MAJOR stockbrokers have yet to press the force selling button, which may affect as low as 20 companies and the tally may go up to 30 companies.
It is learnt that brokers have exercised restraint as they feel the selling on some counters is driven by panic due to the extenuating circumstances arising from the economic gridlock and compounded by short selling by traders taking advantage of the situation.
“These are counters where the stocks are held by major shareholders who had pledged their shares for margin facilities. If the force selling takes place, the sell-down can be very fast.
“But brokers have exercised restraint because they know it’s extraordinary times, ” says a broker adding that the big jump in Bursa Malaysia yesterday would help improve the margin positions of many of these companies.
So far, there has been some force selling of some counters. Notably is Dagang Nexchange Bhd (DNeX) where one of its substantial shareholders, Censof Holdings Bhd saw its shares being force sold by MIDF Amanah Investment Nominees.
According to the announcements, Censof disposed a total of 114.51 million shares over four days. The first transaction was announced on March 12, followed by March 18,19 and 20.

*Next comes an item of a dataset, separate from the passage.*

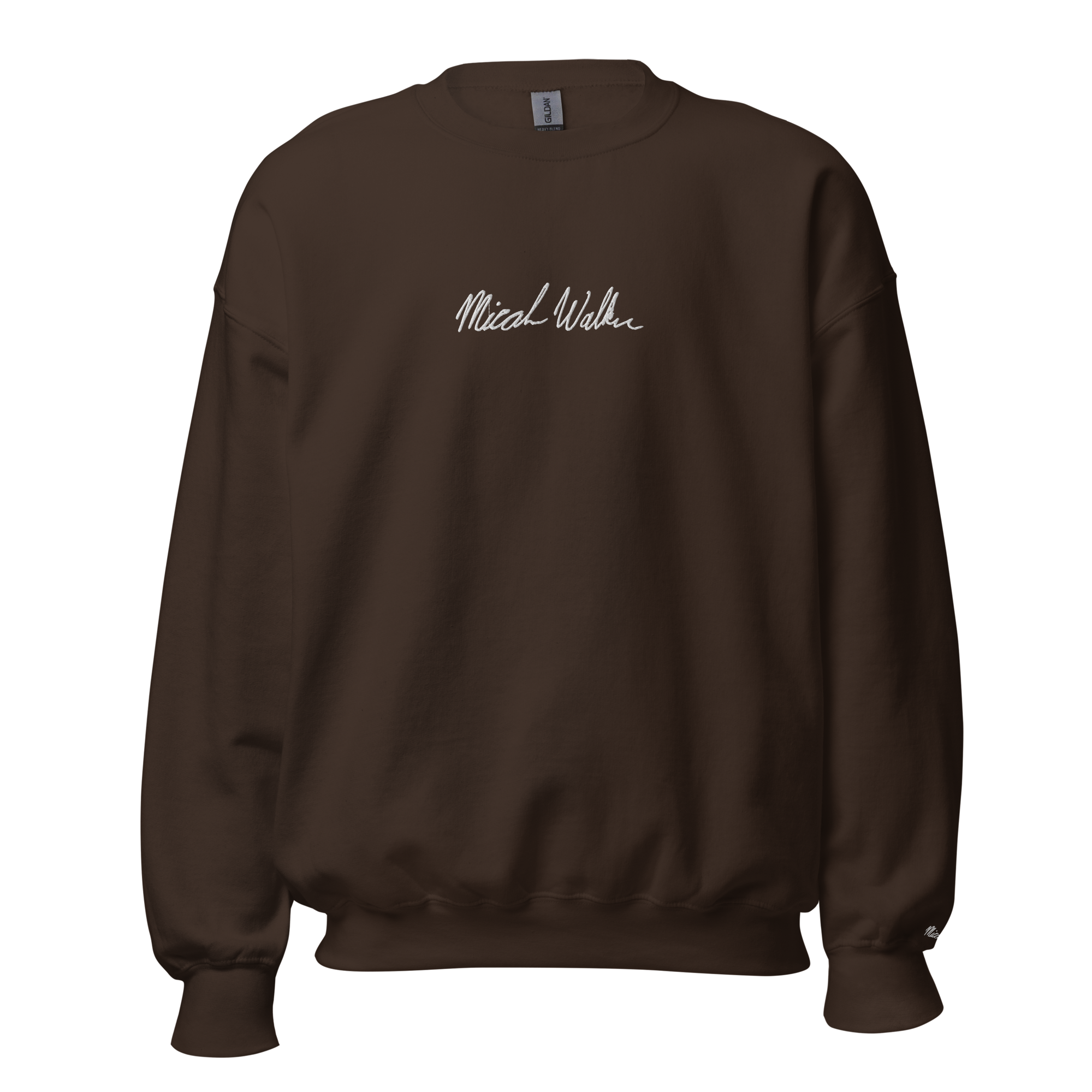 Micah Walker Signature Embroidered Sweatshirt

Based on the figures in the announcements, Censof’s cost of investment is about 20 sen per share, which resulted in Censof taking a total hit of an estimated RM45.8mil from the disposals.
As of yesterday, Censof’s position in DNeX has been trimmed down to 7.23%, from 17% before the disposals.

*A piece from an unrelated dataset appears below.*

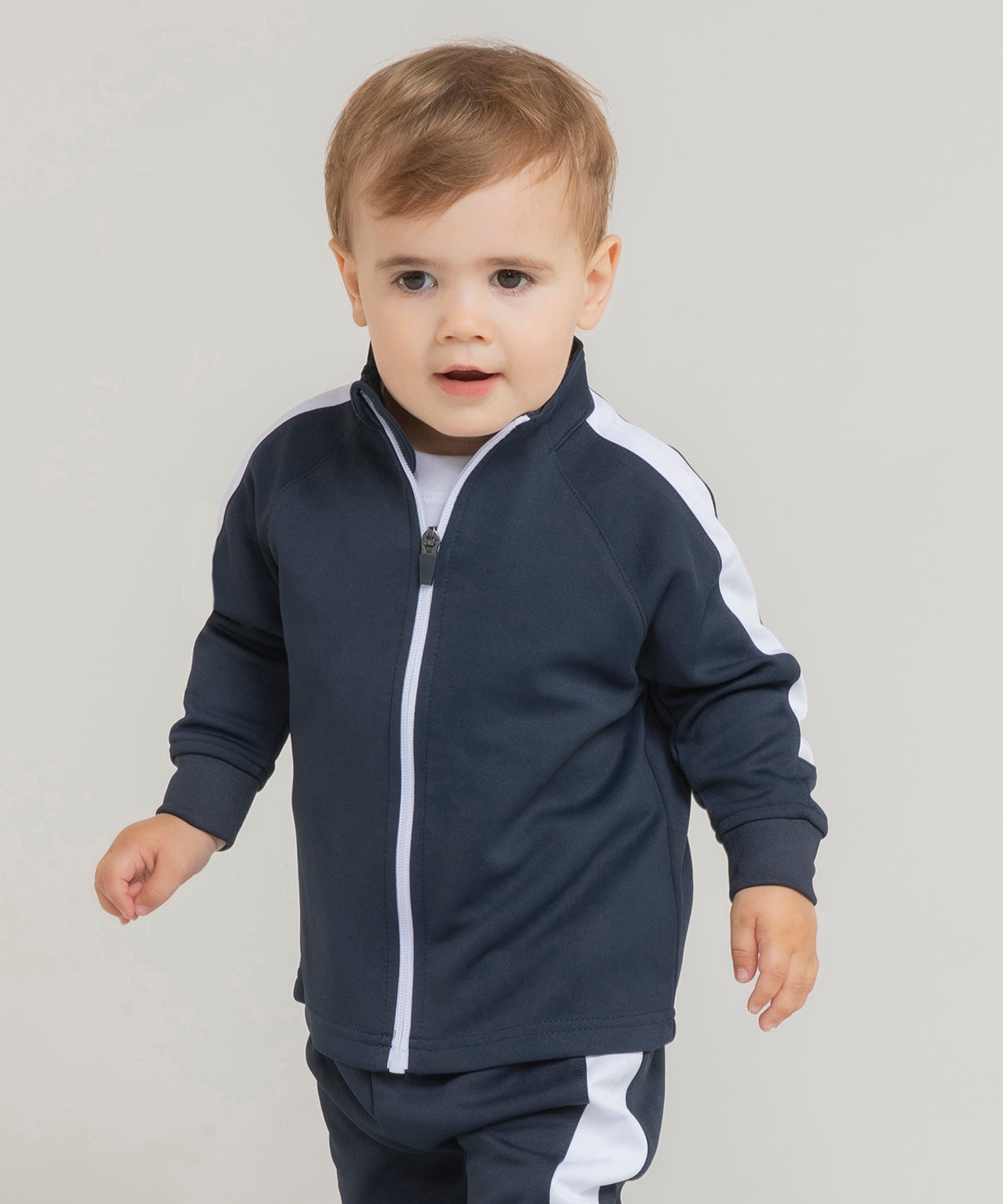 Track top | Royal/White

The panic selling due to the Covid-19 outbreak is the second to rock the stock market since May 2018, when there was a change in government following the 14th general elections.
Both companies are dependent on government jobs and as a result, their shares fell stiffly. Datasonic saw the exit of its long serving managing director Datuk Abu Hanifah Noordin and entry of Datuk Razali Mohd Yusof, following shareholding changes.
Datasonic is seen as the top contender for the country’s new Integrated Immigration System (IIS), an integrated solution for border and immigration control that is being called for tender after the previous RM3.5bil Sistem Kawalan Imigresen Nasional (SKIN) project that was awarded to Prestariang was revoked.Over the past three days, proprietary day trading (PDT) and intraday short selling (IDSS) activities for affected stocks have also been suspended.
Counters which decline by more than 15% from the reference price will face a suspension of PDT and IDSS activities. Alternatively, the suspension of PDT and IDSS also applies to a daily gross short selling volume that exceeds more than 3% of outstanding shares for each counter.
Some of the companies affected by the suspension include GUAN CHONG BHD, V.S. Industry Bhd, DRB-HICOM BHD, Pavilion Real Estate Investment Trust, HENGYUAN REFINING COMPANY BHD, Frontken Corp Bhd, Mega First Corp Bhd, Serba Dinamik Holdings Bhd, INARI AMERTRON BHD and AEON CREDIT SERVICE (M) BHD.
Amidst the sell down on Bursa, brokers are increasingly stricter in terms of compliance to ‘top up’ rules for shares that are pledged in return for margin facilities.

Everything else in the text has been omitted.